| How to complete this task |
Beginning with the line that holds "BSLBATT®, a famous" and finishing with the line that holds "Ego Boost Je", repeat the listing exactly, leaving every picture out.

| Data under study |
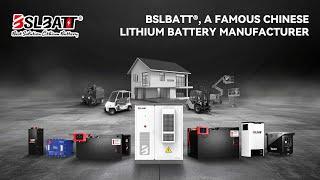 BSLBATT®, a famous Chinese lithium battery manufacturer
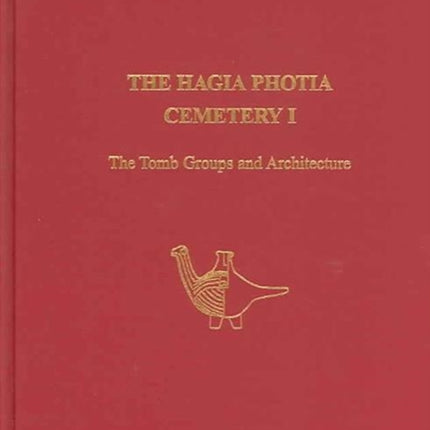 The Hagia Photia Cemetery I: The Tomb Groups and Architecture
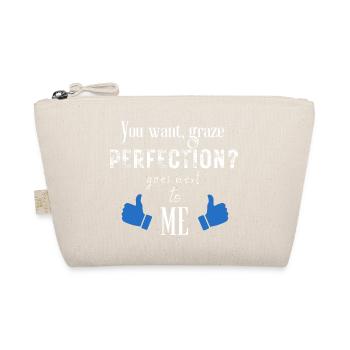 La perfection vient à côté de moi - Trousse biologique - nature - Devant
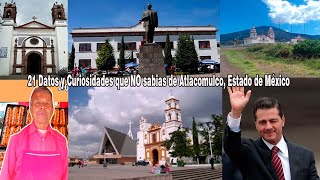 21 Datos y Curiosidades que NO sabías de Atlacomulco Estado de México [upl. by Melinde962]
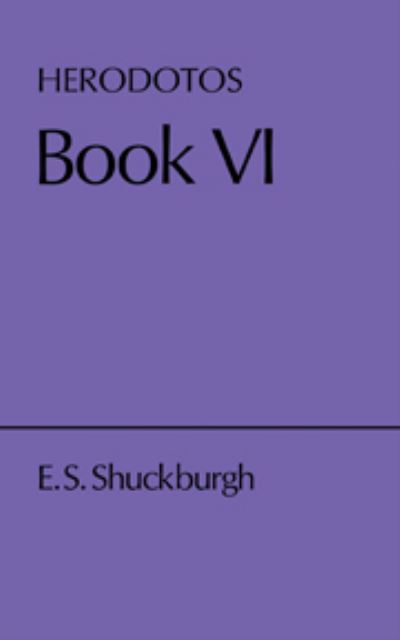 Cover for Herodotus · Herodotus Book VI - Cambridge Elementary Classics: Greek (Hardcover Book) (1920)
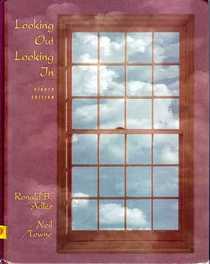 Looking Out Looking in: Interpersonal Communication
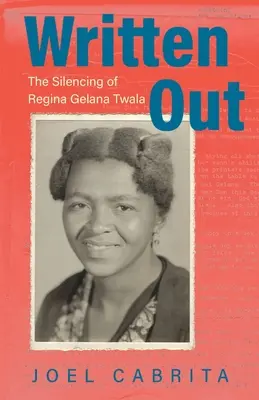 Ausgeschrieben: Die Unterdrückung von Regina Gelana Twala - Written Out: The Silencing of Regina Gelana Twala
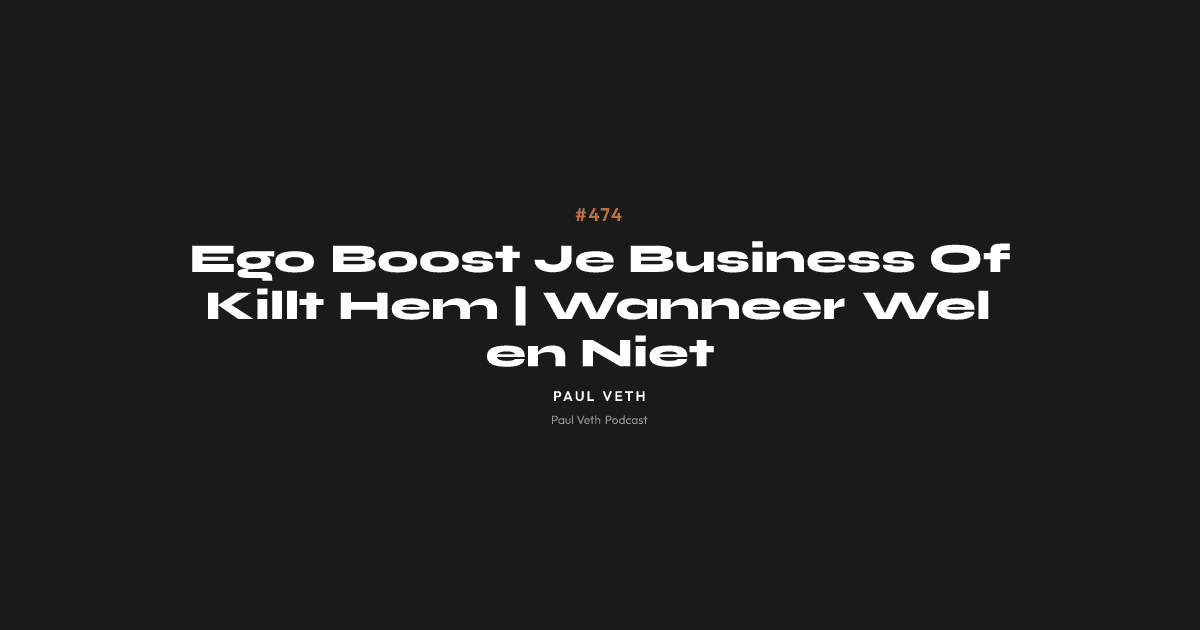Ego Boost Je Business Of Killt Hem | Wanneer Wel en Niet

==

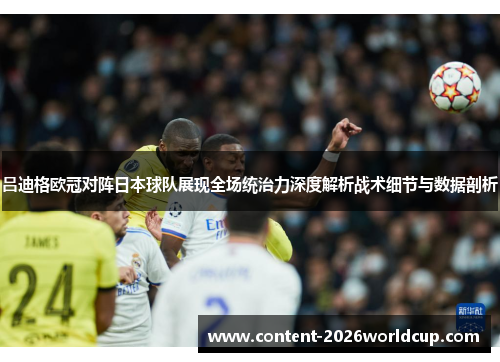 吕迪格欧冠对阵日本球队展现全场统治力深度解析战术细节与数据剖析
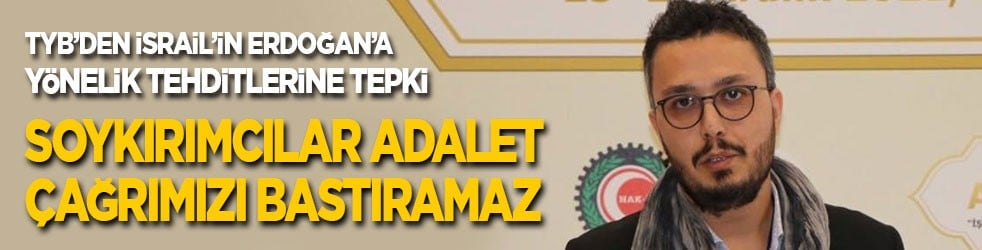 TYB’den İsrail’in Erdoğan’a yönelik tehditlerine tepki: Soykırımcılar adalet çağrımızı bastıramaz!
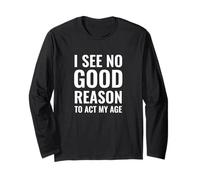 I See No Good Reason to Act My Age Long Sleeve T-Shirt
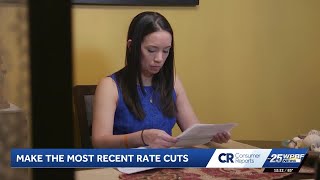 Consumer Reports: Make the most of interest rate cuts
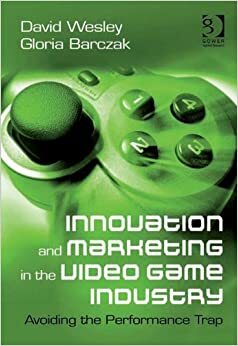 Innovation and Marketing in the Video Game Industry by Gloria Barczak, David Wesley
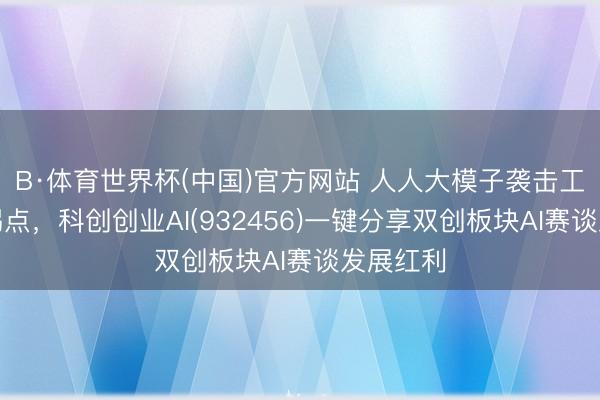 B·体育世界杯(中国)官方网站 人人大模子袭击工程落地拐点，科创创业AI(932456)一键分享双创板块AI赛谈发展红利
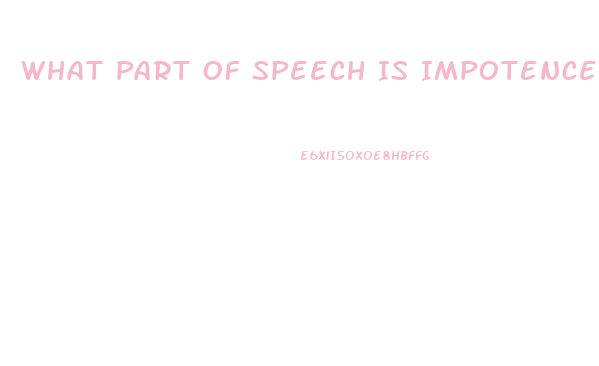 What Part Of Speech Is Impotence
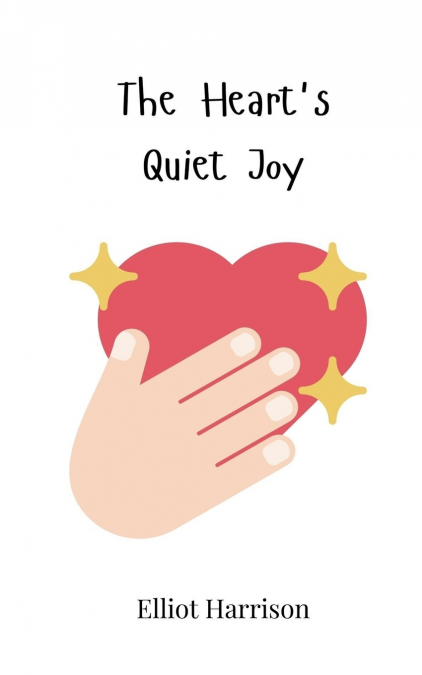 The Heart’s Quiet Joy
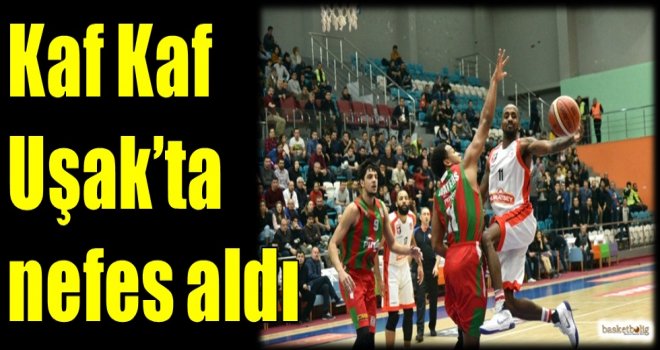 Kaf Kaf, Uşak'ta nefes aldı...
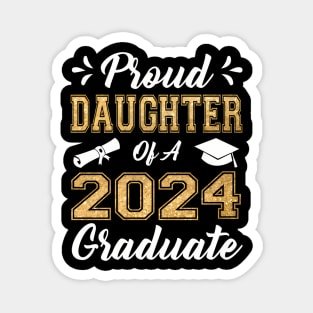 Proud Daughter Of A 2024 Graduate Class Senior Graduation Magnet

| Written answer |
 BSLBATT®, a famous Chinese lithium battery manufacturer
 The Hagia Photia Cemetery I: The Tomb Groups and Architecture
 La perfection vient à côté de moi - Trousse biologique - nature - Devant
 21 Datos y Curiosidades que NO sabías de Atlacomulco Estado de México [upl. by Melinde962]
 Cover for Herodotus · Herodotus Book VI - Cambridge Elementary Classics: Greek (Hardcover Book) (1920)
 Looking Out Looking in: Interpersonal Communication
 Ausgeschrieben: Die Unterdrückung von Regina Gelana Twala - Written Out: The Silencing of Regina Gelana Twala
Ego Boost Je Business Of Killt Hem | Wanneer Wel en Niet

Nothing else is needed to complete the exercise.